Related: Texas Tries to Punish Abortion with the Death Penalty

Alyssa Milano’s Call for a Sex Strike:

Yes, it means what you’re thinking. Alyssa Milano’s form of protest is an interesting one. Her tweet urges women to stop having sex “until we get bodily autonomy back”. Controversially, the singer and Charmed actress called for women to join her in a sex strike to protest these anti-choice laws.

“We need to understand how dire the situation is across the country. It’s reminding people that we have control over our own bodies and how we use them,” –  Alyssa Milano.

Abstinence as Protest?

Is giving up sexy-time really the way to go here? Can mass abstinence change laws and influence policies? Historically, withholding sex has been used as a protest method before, Milano notes. It dates back to Iroquois women in the 1600s as a way to end warfare. There was also a sex strike organized by Liberian women in 2003.

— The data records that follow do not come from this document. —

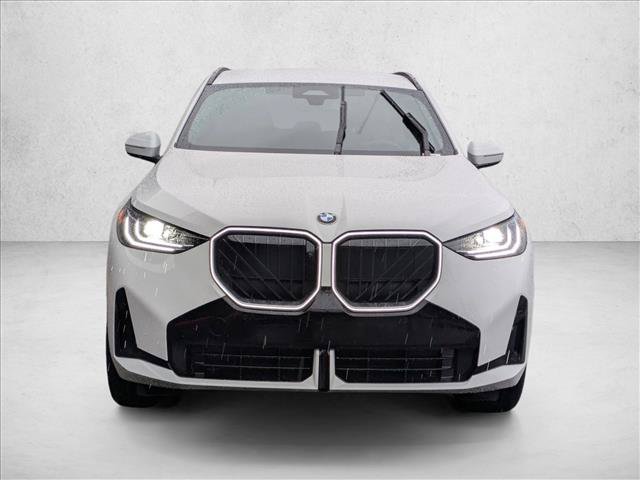 Used 2026 BMW X3 xDrive30i w/ Premium Package AWD/4WD image 5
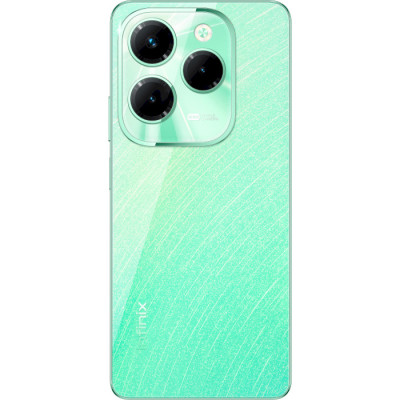 Infinix HOT 40 Pro 12/256GB Starfall Green (4894947019005)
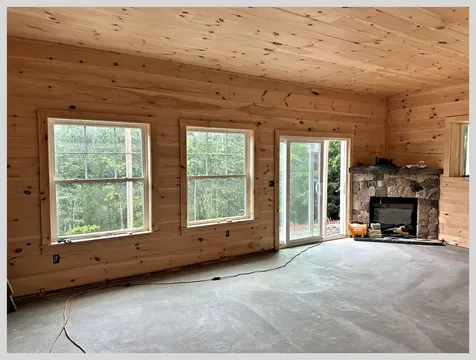 103 Bell Valley Road Campton NH 03223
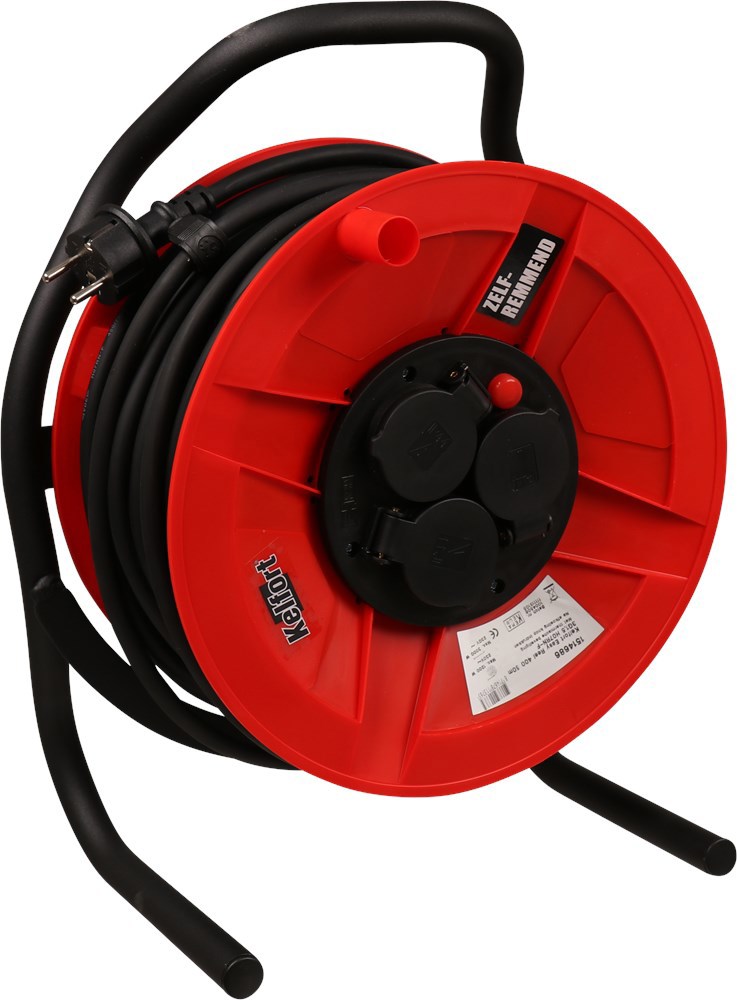 kabelhaspel neopreen kelfort-5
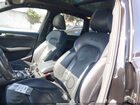 2016 Audi Sq5 3.0t Premium Plus Black vin: WA1CCAFP7GA059379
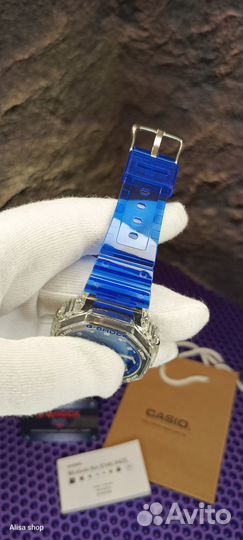 Часы скелетоны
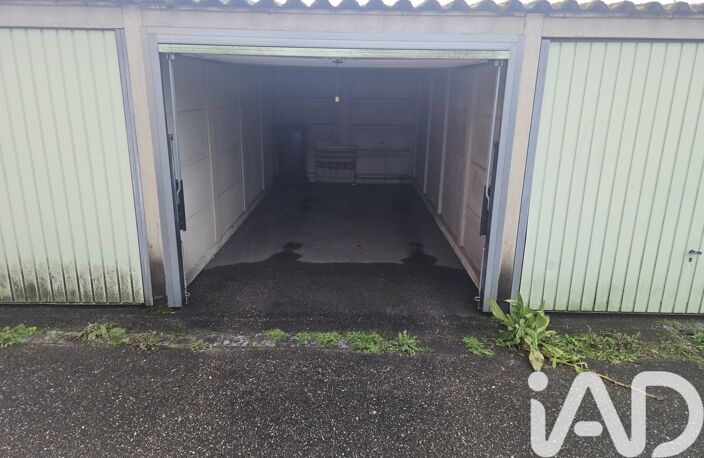 Vente Immeuble 1 240 m&sup2; — photo 5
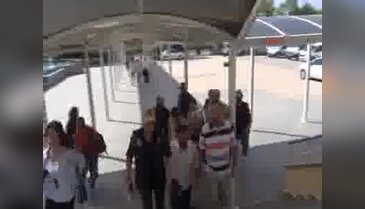 Antalya'da 7 imam FETÖ'den gözaltında
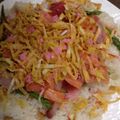 maa0503's cooksnap of when they made ひな祭り&つくれぽ祝！簡単！ちらし寿司.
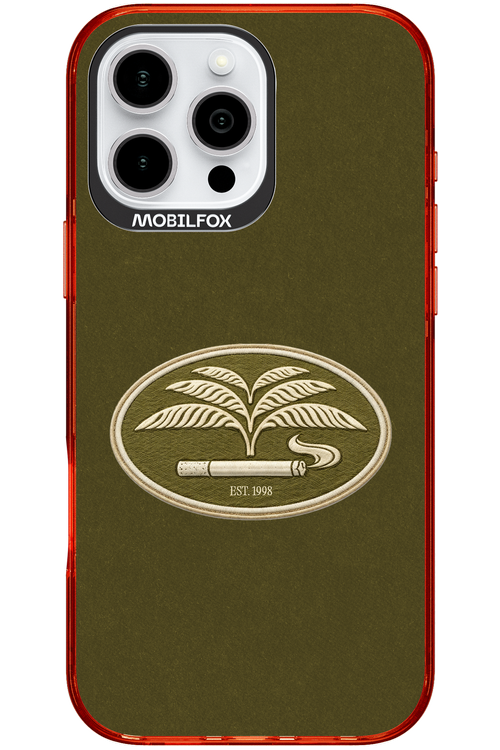 Nature Check - Apple iPhone 16 Pro Max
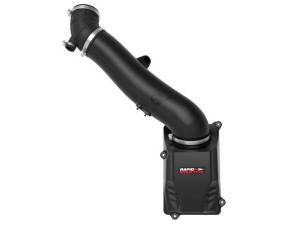 aFe - aFe Rapid Induction Cold Air Intake System w/Pro DRY-S Filter 20-21 Jeep Wrangler V6 3.0L - 52-10005D - Image 3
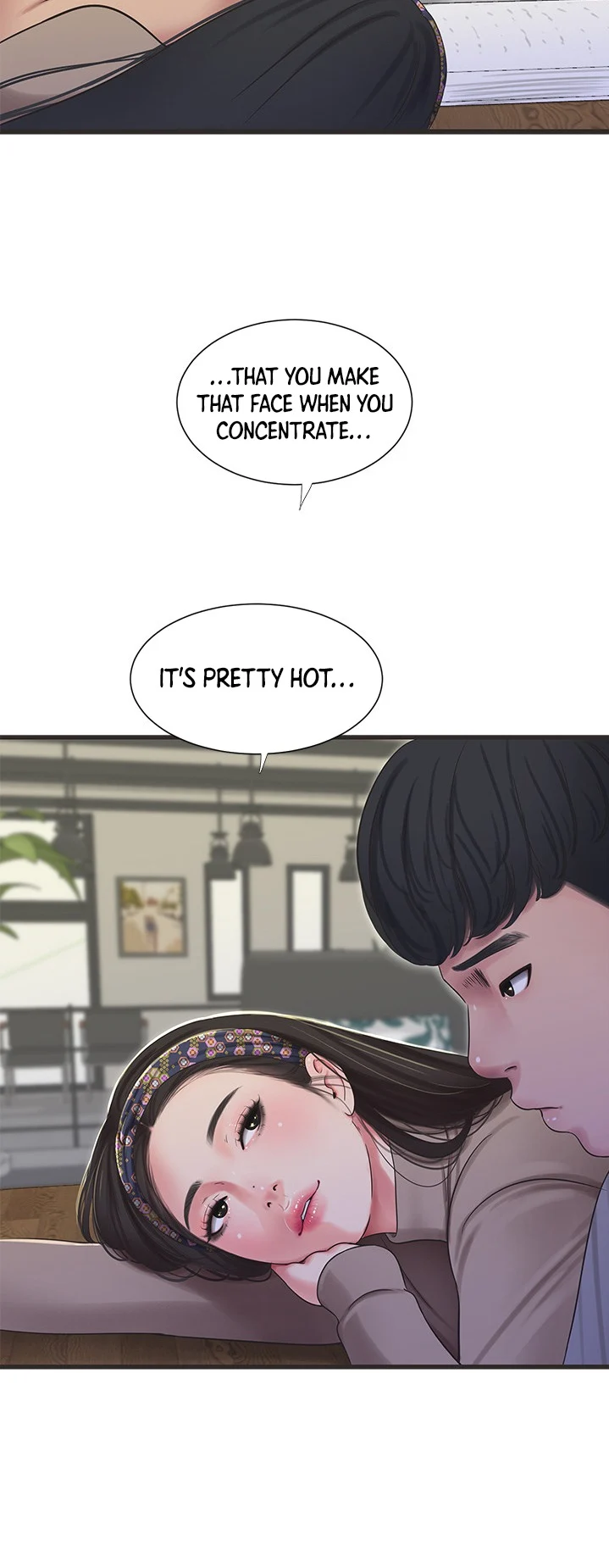One’s In-Laws Virgins chapter 60 page 20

There was some backlash to the sex strike call. The Guardian reports that there was criticism to the idea that women only have sex as a favour to men, and not for their own pleasure. It’s important not to frame sex in a way that disempowers women. Sex is for us to enjoy, on our own terms. Would a sex strike go against sex positivity?

Milano seems unbothered by the criticism, saying her tweet “is getting people to talk about the war on women”. While she hasn’t put a time-frame on the sex strike for herself or other women, she argues it gets the conversation going.